I do, however, have some ideas about who might be in there running that account, bringing souls together in order to weave a tapestry bigger than Miles could ever understand. Hell, so far, the God account has turned Miles from merely an atheist to being an atheist who just might believe in something bigger than himself and who is willing to help people to find out even if he’s being manipulated.
So who do I think is behind it? Here are my thoughts.
1. God
I mean, its the most obvious possibility. Actual God and whatnot, too. Not like, Gawd.
2. Black Jesus
I feel like Black Jesus would pick a black dude named Miles to go out there and do the lawd’s work to prove to him that God (not Gawd) is true and livin’. I feel like White Jesus would have picked a white dude. Now, having Miles fall for a white woman named Cara can also go both ways on Black or White Jesus. What tips the hat towards Black Jesus is that Miles, Cara and Rakesh are out here helping Muslim families, too. Just saying, White Jesus seems to be a little racist based on his parishioners.

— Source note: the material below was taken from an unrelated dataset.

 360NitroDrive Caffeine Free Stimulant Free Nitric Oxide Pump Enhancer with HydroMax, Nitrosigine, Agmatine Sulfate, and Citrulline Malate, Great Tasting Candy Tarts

3. Jonathan Smith from Highway to Heaven
You remember how John Smith (Michael Landon) was an angel working to get his eventual reinstatement to heaven? Well, he got there back in the early ’90s. Maybe he got that itch to help people again and was like, well, why not find an atheist and change the game. #wallahmagic
4. Mark Zuckerburg
I mean, it is on Facebook. Talk about great publicity. How great is it for publicity if your social media platform is the one that ends up creating saints and what not?
5. Bagger Vance
I can’t prove that Bagger Vance knows how to use a computer but Miles’ quest feels like some Bagger Vance ass shit to do. Considering that we last saw him in 1931, it’s entirely possible that Bagger is long since dead. Then again, Bagger is a Magical Negro and I’m not sure if Magical Negroes Ever Really Die, ya know, MNERD. Even John Coffey, like the drink but spelled different, may be dead in the physical but lives on in the memory and spirit of Paul Edgecomb, who is probably still alive playing with Mr. Jingles, praying every evening to wake up dead the next day.
6. Demetria Lucas
It’s so funny how I find fun ways to throw Demetria Lucas into the fray, but fuck it, why not? Think about this: Do you see how she be helping folks with her Ask Demetria series? The shit she gets asked is INSANE. Maybe she decided to one-up the aid and assistance and found her an atheist to help before they asked. You can’t say it isn’t possible. Hell, with some of the questions I’ve seen asked, helping a woman with an autistic child get her son to smile and having Miles be the most improbable babysitter of all time is possible. Just sayin’.
7. Beyoncé
She has so much free time, trolling an atheist to worldly greater goodness is highly likely. Right? Bueller? Bueller?
8. Rihanna
Now Rihanna, on the other hand, this is explicitly some Rihanna ass shit to do. For the record, I love Rih-Rih so if she ended up being the surprise reveal at the end of the show, I’d loudly proclaim this is the greatest show of all time. Bitch betta have her money? Sure, but that sounds a whole lot like WWJD to me.
9. Kendrick Lamar
On To Pimp a Butterfly, he has a song called “How Much a Dollar Cost?” where he effectively ends up talking to God in the form of a homeless man who wanted a dollar. Kendrick refused him and then realizes that the cost of that dollar was a spot in heaven. That shit is deep. Maybe Kendrick is trying to get that spot back, in a Highway to Heaven way, but the 2018 version where instead of Kendrick going out helping folks trying to get his spot back in heaven, he’s directing traffic on social media. Man, that shit was actually deep right there. I vote for this.
10. Dr. Martin Luther King Jr.
Because this show is like every part of that dream of his. In one.